Online, Unaccountable

If you keep up with technology or crime news, you may have heard of the Silk Road. Not the ancient trade route from China to Europe, but the dark web network that after facilitating the sale of illegal drugs and forging government documents was shut down in 2013. The shutdown attracted a lot of attention to the dark web. The dark web is a subsection of the ‘deep’ web, or a collection of sites that cannot be indexed by search engines. These sites, publically inaccessible without specific credentials, operate entirely on overlay networks, highly secure connections that require untraceable configurations in order to access. This, combined with the fact that the Silk Road operated using exclusively Bitcoin, an unregulated and international “cryptocurrency” that exists entirely in the digital realm but can be exchanged for national currency such as USD, meant that transactions on the Silk Road were essentially untraceable. The Silk Road itself wasn’t malicious, even if it fueled illegal drug trade and forgery rings. What caught the public eye was the concept of a completely untraceable and unregulated transaction. Media at the time made the point that if no one could watch over a meth deal, what was to stop untraceable assassins-for-hire from popping up over the dark web? Crowdfunded terrorism? Pay-per-view child pornography?

As it turns out, nothing.

Hitman groups exist by the dozens across the dark web, and have for nearly a decade. While some of these groups are laughable scams, the emergence of cryptocurrency and the dark web has effectively eliminated the money trail and client-hitman communication. It’s reasonable to believe that a majority of assassinations and hits in the modern era are carried out over this entirely untraceable service. As far as crowdfunded terrorism goes, The Assassination Market, an active darknet service, allows users to freely contribute to a pool of bitcoin towards major targets. The chairman of the U.S. Federal Reserve, Benjamin Bernanke, has roughly the equivalent of $140,000 on his head for anyone who can provide proof of his assassination. And as far as pay-per-view child pornography, a breathtaking number of particularly unethical porn companies thrive on the dark net, making films focusing on extremely graphic sexual violence. No Limits Fun, a ‘company’ considered extreme even for this sector of the darknet, inspired an international manhunt when its productions were uncovered by the police. No Limits Fun specialized in the production of torture, murder and rape films. Its victims included children and infants. The sheer brutality of its productions elevated it to urban legend status, likely because people could not comprehend how or why such films would be produced.

These films, known as “hurtcore,” were sold to some individual customers for upwards of ten thousand USD – in bitcoin, of course. Short of confessions or personal communication, there’s absolutely no way to know who the vast majority of those customers were. And with the rise of ultra-powerful quantum computing, the untraceable nature of digital transaction will only grow stronger, as encryption is always a step ahead of decryption.

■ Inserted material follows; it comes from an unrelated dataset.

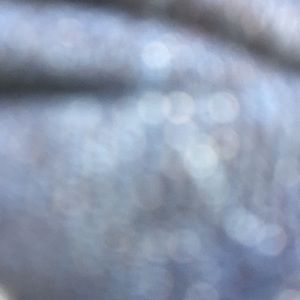 Meet your Posher, Mckenzy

Since drawing the public eye in the 1980s, cybercrime has largely been seen as a joke, or even noble. Its image is represented in Nigerian email scams, poorly-made Albanian viruses and quirky hacking groups that deface and shut down megacorporate websites. But as digital technology becomes more advanced, the scope of its actions do as well. Digital crime is no longer the realm of third-world scammers or geeky hackers with hearts of gold. It’s becoming the domain of the neo-mafiosi, the professional assassin and the cunning, violent pedophile right under our noses, and there’s little being done about it. The methods that national intelligence agencies like the FBI and NSA use to combat these agencies are increasingly primitive – the founder of the Silk Road, Ross Ulbricht, was only eventually arrested because he posted his full name and email address on a programming forum with the same username he used in the early days of the Silk Road. If it’s any consolation, the infamous concept of the ‘Red Room,’ or private dark net URLs where a victim is tortured or raped live to an interactive, paying audience, don’t actually exist because the dark net’s hefty configuration requirements currently make livestreaming too slow to be viable.

Investigations involving the dark net are costly and slow, and international agencies have barely been able to tackle a tiny fraction of its illicit traffic using ineffective methodology. With services ranging from drugs to hitmen growing in popularity every year, the miniscule amount of resources and public attention dedicated to the criminal world’s biggest rising star needs to change. In a world where anyone can anonymously donate money to terrorists or hitmen, and it takes years of costly investigation to find a single suspect, can you ever be truly safe?